Proseguono le attività di controllo della task force coordinata dalla Polizia di Stato per verificare l’osservanza delle norme sulla sicurezza nei locali da ballo e di intrattenimento, particolarmente frequentati soprattutto dai giovani nel fine settimana.
Si tratta di verifiche che la Polizia di Stato coordina costantemente, in città come in provincia, in modo da scongiurare rischi per l’incolumità degli avventori, nonché del personale dipendente.
Nello specifico, nello scorso weekend, la task force ha controllato due note discoteche del centro, una in zona Castello Ursino e una in zona piazza Europa, riscontrando gravi criticità in merito alla normativa antincendio e alla sicurezza sui luoghi di lavoro, elevando sanzioni per 15.000 euro
L’intervento ha visto impegnati diversi poliziotti che hanno fornito una puntuale ed efficace cornice di sicurezza ai controlli specifici dei tecnici del Servizio Prevenzione e Sicurezza sugli Ambienti di Lavoro (Spresal) del Dipartimento di prevenzione dell’Asp di Catania, dei Vigili del Fuoco e degli agenti del settore “annona” della Polizia Locale.

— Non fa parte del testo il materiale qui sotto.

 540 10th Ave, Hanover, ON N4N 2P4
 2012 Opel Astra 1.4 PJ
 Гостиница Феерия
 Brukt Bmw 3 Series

Nel primo locale controllato, nella zona di piazza Europa, gli agenti della Polizia Locale hanno sanzionato il titolare per un importo complessivo di 3.500 euro per l’assenza dei misuratori dell’alcol test e per l’ampliamento arbitrario degli spazi di somministrazione, con occupazione dell’area deputata all’uscita di emergenza.
Contestualmente, i Vigili del Fuoco hanno constatato come l’unica via di fuga fosse ostruita da tavolini, sedie e, persino, caloriferi, per cui è scattata la denuncia del titolare all’Autorità Giudiziaria, ferma restando la presunzione di innocenza dell’indagato valevole ora e fino a condanna definitiva. Durante l’ispezione, i tecnici dello Spresal hanno riscontrato alcune scaffalature non correttamente ancorate al muro, sanzionando il titolare per 1.700 euro.

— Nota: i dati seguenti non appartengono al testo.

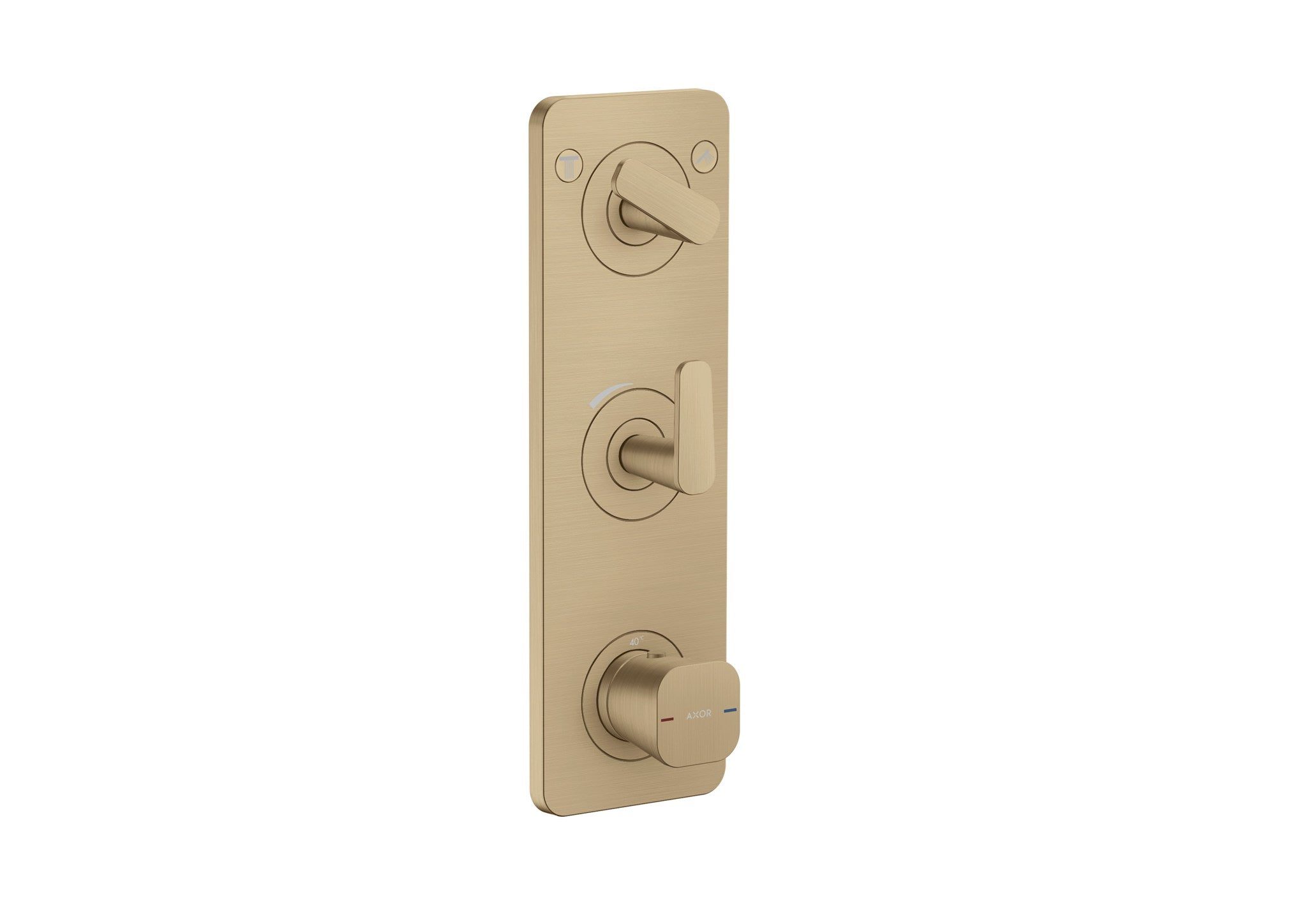ELEMENT PODTYNKOWY  AXOR CITTERIO C OD AXOR 49700140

Nella seconda discoteca, in zona Castello Ursino, le verifiche hanno fatto emergere carenze per quanto riguarda il quadro elettrico, sprovvisto del pannello di protezione e con una ciabatta elettrica usata in modo non idoneo in quanto erano collegate le prese dei frigoriferi. In questo caso, sono state contestate sanzioni per 2.000 euro.

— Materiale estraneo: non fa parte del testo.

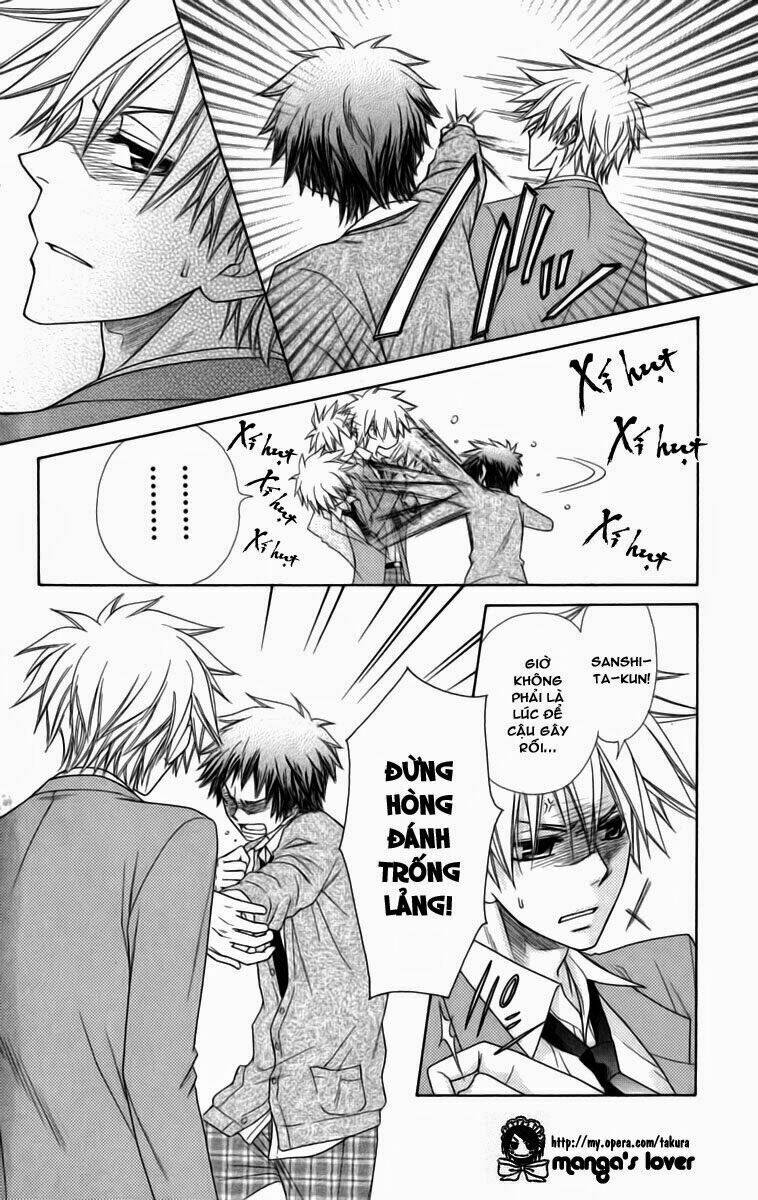 Khi Sếp Là Hầu Bàn Chapter 54 - Trang 2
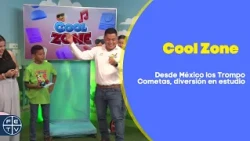 Studio Fun with Trompos Cometa | Cool Zone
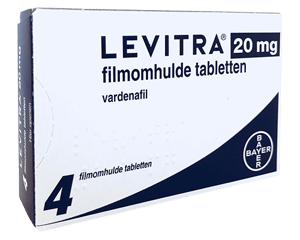 Vardenafil beta 10 mg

Inoltre, gli operatori dello Spresal hanno accertato come in alcuni ambienti del locale l’altezza fosse inferiore rispetto a quella prevista dalla legge per la destinazione d’uso dell’attività, mentre gli agenti della Polizia Locale hanno appurato l’assenza di Scia e la mancanza della relazione fonometrica. Per questi aspetti, il titolare è stato sanzionato per 7.700 euro e, nello stesso tempo, è stato invitato a presentare una serie di documenti che, al momento del controllo, non sono stati esibiti.